É dessas fronteiras entre
a eletrônica e a Grécia que nos chega a epopéia
de Soares Feitosa, cearense do Recife; Recife, capital
maior de nossas capitanias líricas, onde os Franciscos
Brennand e os Gilbertos Freyre, como o poeta César
Leal, testemunham, em prosa e verso e no barro amassado
e temperado a fogo e tinta, a fundação da
história de cada um de nós.
História que também vem sendo contada
e cantada — o que é a mesma coisa — ao sol de Fortaleza, por um
príncipe de afinação de cordas das violas d’amore, o poeta
Artur Eduardo Benevides, pela tuba poderosa do poeta Francisco
Carvalho ou pelo violão de meu saudoso amigo Otacílio Colares. E
outros e outros e outros — que afinal isto é apenas uma notícia
sobre Soares Feitosa.
Em seus poemas, o que está vivo é o
Nordeste inteiro: o bode o cavalo o boi — o sentimento mortal —
como no verso de outro poeta de nossa terra.
O mundo de Soares Feitosa é
o mundo inteiro, porque é o mundo das Ipueiras,
das Novas-Russas, dos Inhamuns, o mundo dos vestidos de
chita das comadres, da batina e dos escorregões
e das virtudes e das bravatas do vigário da paróquia.
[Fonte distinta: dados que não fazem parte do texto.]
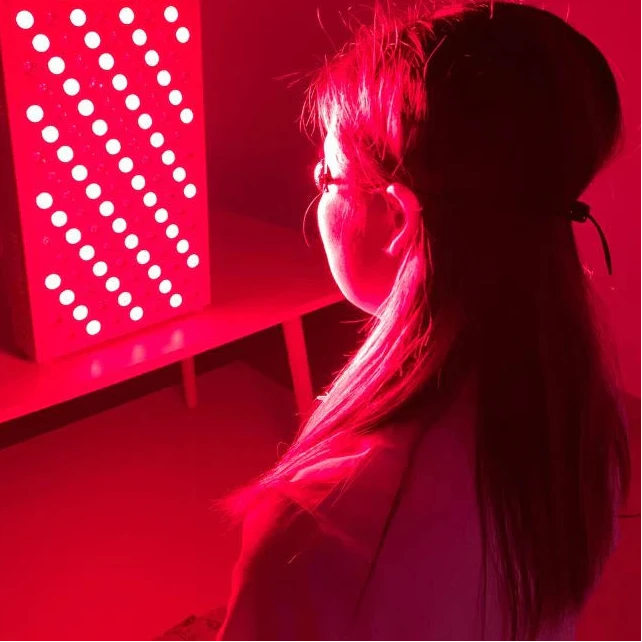 Full Body Red Light Therapy + Near-Infrared Panel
O mundo do padre-mestre, a quem conheci e que era um santo
homem, mas que um dia resolveu casar, com medo da solidão
da velhice. Engano do padre santo. Ele nunca estaria
só. Todas as vozes dos nossos aboios épicos e
líricos estariam com ele.
Não estou aqui para fazer uma crítica
nem um prefácio da poesia cosmogênica de Soares Feitosa. Eu não
sei falar sobre poesia. Lembro-me sempre daquela história de
Federico Garcia Lorca. Convidado para falar sobre poesia —
contou-me um dia Gerardo Diego, seu crítico e seu amigo —, o
poeta limitou-se a estender as duas mãos abertas e dizer:
Yo no puedo, yo no sé
hablar sobre poesia.
Yo la tengo aqui en
mis manos, sé que está
quemando mi piel, pero
no lo sé o que és.
Assim é a poesia universal
deste poeta nordestino. E digo universal, porque no
Nordeste, mais do que nessas ricas metrópoles do
Sul, somos seres universais. Sustentamos a identidade provincial
de nossa raça, de nosso sangue e de nosso espírito
inumerável. Somos os homens da provincialidade.
E, por isso mesmo, não somos provincianos.
Provincianos são
os outros, os que limitam o mundo à caverna platônica de suas
fronteiras e ignoram os ventos que sopram pelos vales e pelas
serras de outras sesmarias.
O poeta Soares Feitosa
talvez até sem saber, como Lorca que não sabia
o que era poesia, é um poeta de dimensão universal.
Canta a saga de nossas
paróquias, de nossos vizinhos, de nossa aventura humana
na pequena e brava gleba de nossa herança ontológica e
existencial.
Mas o poeta se engana
quando pensa que com seu canto nos deu o circo e ficou
com o pão. O que ele nos está dando nestes poemas é
verdadeiramente o pão, o pão nosso de cada dia.
O nutrimento maior, o nutrimento da poesia, mais forte do que
a medula dos leões, de que se alimentavam os heróis
de Homero.
De sua poesia, somos
todos protagonistas e heróis e vítimas e testemunhas
para sempre.
Rio
de Janeiro, carnaval de 1994
notas:
¹ - Padre Ignácio Américo Bezerra,
poema Format Cê Dois Pontos.
² - Padre Leitão, poema Padre-Mestre.